Wer offen oder auch klammheimlich Sympathie für Yvan riskiert, stellt auch kritische Fragen an Frankreich. Warum auf hundert korsische Einwohner ein Polizist kommt, zum Beispiel; auf dem französischen Festland ist das Verhältnis eins zu 252. Oder warum Paris immer noch nicht die EU-Konvention über „Minderheiten-Sprachen“ unterschrieben hat, und Korsisch auf Korsika – wenn überhaupt – als „Fremdsprache“ gelehrt wird. Oder warum die „Pieds noirs“, Fremdenlegionäre und deren Helfershelfer aus den verlorenen Maghreb-Kolonien, seinerzeit privilegiert angesiedelt wurden. Oder ... – die politische Tagesordnung wird in jüngster Zeit wieder stärker mitgeschrieben von der korsischen Freiheitsbewegung – auch wenn sich die Korsen jetzt mehrheitlich entschieden haben, bei Frankreich bleiben zu wollen.

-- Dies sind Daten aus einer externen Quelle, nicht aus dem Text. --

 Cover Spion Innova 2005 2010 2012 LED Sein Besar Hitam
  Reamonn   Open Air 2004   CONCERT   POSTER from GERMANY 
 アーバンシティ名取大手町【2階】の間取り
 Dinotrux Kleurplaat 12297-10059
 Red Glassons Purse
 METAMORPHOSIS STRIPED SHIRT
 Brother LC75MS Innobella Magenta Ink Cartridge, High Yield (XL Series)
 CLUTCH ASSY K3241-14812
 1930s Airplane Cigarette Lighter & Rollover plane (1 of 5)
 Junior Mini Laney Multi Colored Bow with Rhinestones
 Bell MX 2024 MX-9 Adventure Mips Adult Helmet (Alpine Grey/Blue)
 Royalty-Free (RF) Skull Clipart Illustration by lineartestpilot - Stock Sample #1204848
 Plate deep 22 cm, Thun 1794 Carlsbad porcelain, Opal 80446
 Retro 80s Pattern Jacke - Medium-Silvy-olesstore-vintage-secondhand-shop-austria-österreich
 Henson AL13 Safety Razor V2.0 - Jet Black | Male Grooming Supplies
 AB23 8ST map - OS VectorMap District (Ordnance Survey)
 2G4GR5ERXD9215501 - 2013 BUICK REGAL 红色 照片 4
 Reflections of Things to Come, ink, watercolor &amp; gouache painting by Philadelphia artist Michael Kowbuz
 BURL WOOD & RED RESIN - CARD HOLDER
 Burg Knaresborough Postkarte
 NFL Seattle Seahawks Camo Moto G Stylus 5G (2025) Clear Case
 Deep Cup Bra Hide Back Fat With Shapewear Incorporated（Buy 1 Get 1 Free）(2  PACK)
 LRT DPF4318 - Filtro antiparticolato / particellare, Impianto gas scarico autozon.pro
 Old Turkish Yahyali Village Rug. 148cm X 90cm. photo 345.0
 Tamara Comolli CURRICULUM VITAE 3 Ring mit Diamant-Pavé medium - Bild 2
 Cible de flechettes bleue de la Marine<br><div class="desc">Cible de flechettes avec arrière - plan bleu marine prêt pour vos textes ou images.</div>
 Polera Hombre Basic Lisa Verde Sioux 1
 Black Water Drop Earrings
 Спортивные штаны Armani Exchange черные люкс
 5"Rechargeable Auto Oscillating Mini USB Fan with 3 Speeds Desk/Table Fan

Nicht ohne die Zukunft betreffende Hintergedanken gilt die historische Hauptstadt Corti als Zentrum der Feiheitsbewegung. In Corti regierte ab 1755 für vierzehn zwar kurze, doch umso geschichtsträchtigere Jahre die erste demokratische Volksversammlung der Welt, die „Consulta“. Aus gutem Grund avancierte damals der Reisebericht des Schotten James Boswell – „Historisch-geografische Beschreibung von Corsica nebst vielen wichtigen Nachrichten und Anekdoten vom Pascal Paoli, dem General der Corsen“ , so der zungenbrecherische Originaltitel des Werkes auf deutsch – zu den meistgelesenen Büchern seiner Zeit. Das liberale Bürgertum und die Philosophen der Aufklärung drängten auf die Überwindung feudalistischer Machtstrukturen. In Korsika und dessen „Babbu di a patria“ genannten Nationenvater Pasquale de Paoli fanden sie viel gepriesene Vorbilder.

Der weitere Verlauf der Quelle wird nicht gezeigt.